My system [back]
[Layout still needs to be changed; right now just uses blog post layout]
My overarching goal is to develop an understanding of language as a whole, stitching together the various components of the system that are usually studied in isolation. My current research interests can be categorized into two main lines of inquiry: language learning and change.
First, I am interested in an approach to language learning where a learner builds up their complex knowledge of language by generalizing patterns from the input data in an incremental fashion. This is in contrast to, for example, approaches that treat language learning as the process of selecting the correct grammar among existing hypotheses on the basis of input data. In these approaches, the burden of explaining the complexity of language is resolved by positing a complex initial state (often taken as part of the innate component of language). This is exemplified by the Principles & Parameters approach (Chomsky 1981), which takes learning to be the specification of a set of innate parameters, but is also implicitly assumed in many computational models of learning (e.g., Niyogi 2006 and Bayesian approaches). My approach instead shifts the explanatory burden onto learning itself; learners incrementally generalize rules from their input data, which can together create the complex system that is language. This is the view of learning that underlies Yang 2016 and related work.

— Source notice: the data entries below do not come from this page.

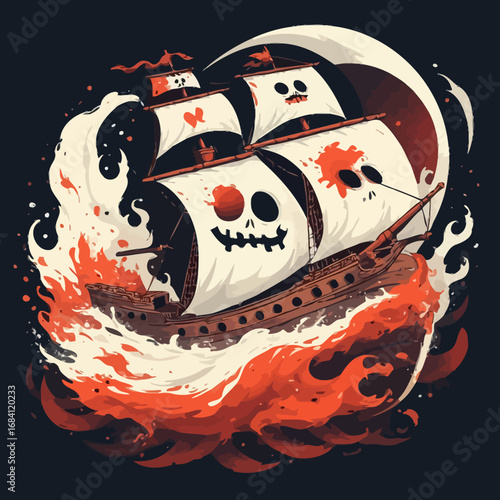 Ghost Ship Design Very Cool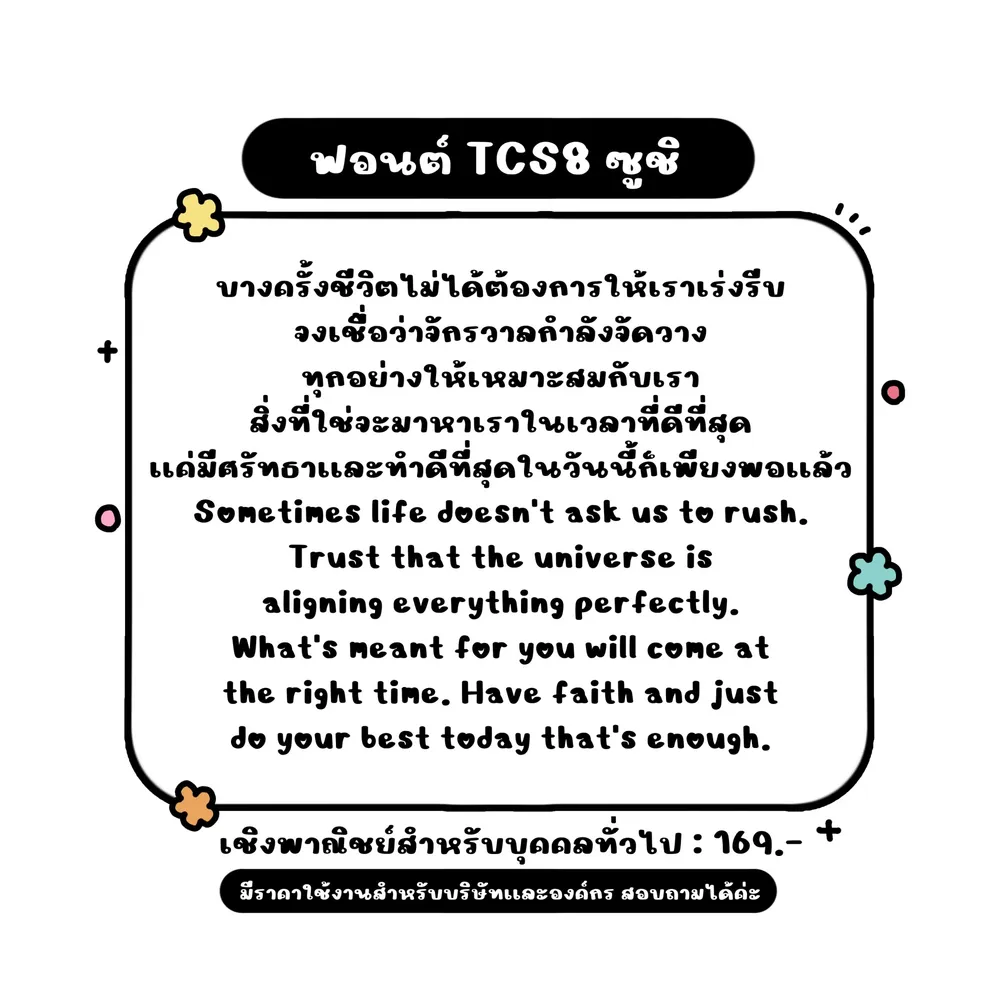 TCS ซูชิ รูปที่ 2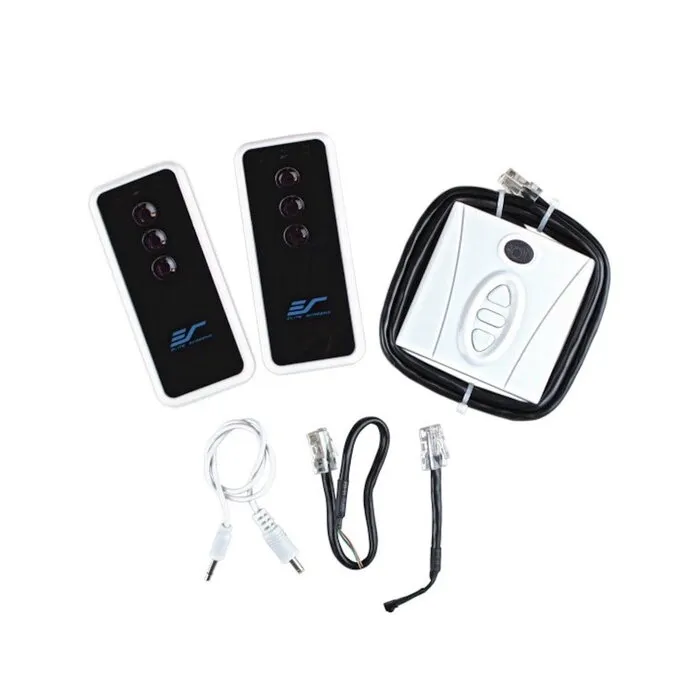 Elite Screens Elite Screens Saker Premium 100 inch Elektrisch Projectiescherm 16:9 (222 x 125 cm / Black drop 30 cm) – MaxWhite® Fiberglass Doek, Motorisch Beamerscherm met Witte Behuizing voor Normal Throw Projectoren (Model SK100XHW-E12)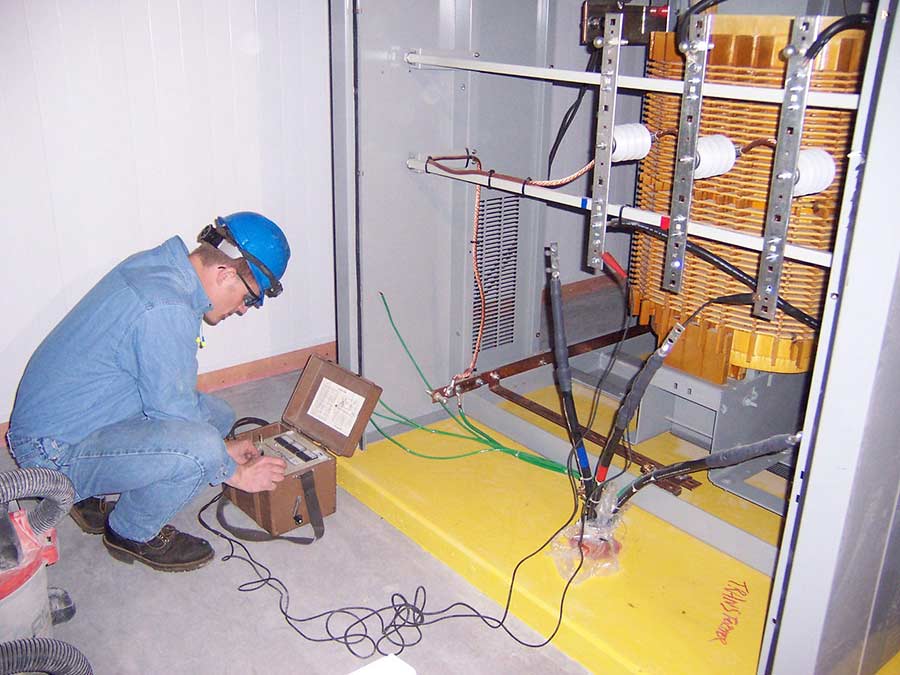 electrical testing, cable testing, Cable Splicing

The second area of my current interest lies in language change. Most of the time, a learner’s input data consists of the output of adult speakers with largely identical grammars; thus the learner will arrive at a largely identical grammar as well. However, if a learner’s input data is different, for various reasons [note TBW], they may arrive at a different grammar. This is the way in which individual learners carry out language change. I am interested in connecting this individual-level (acquisition-centered) understanding of language change to population-level behavior. More specifically, I hope to better understand historical phenomena through this framework of change, as well as develop statistical methods for population-level data in a more mechanistically meaningful way.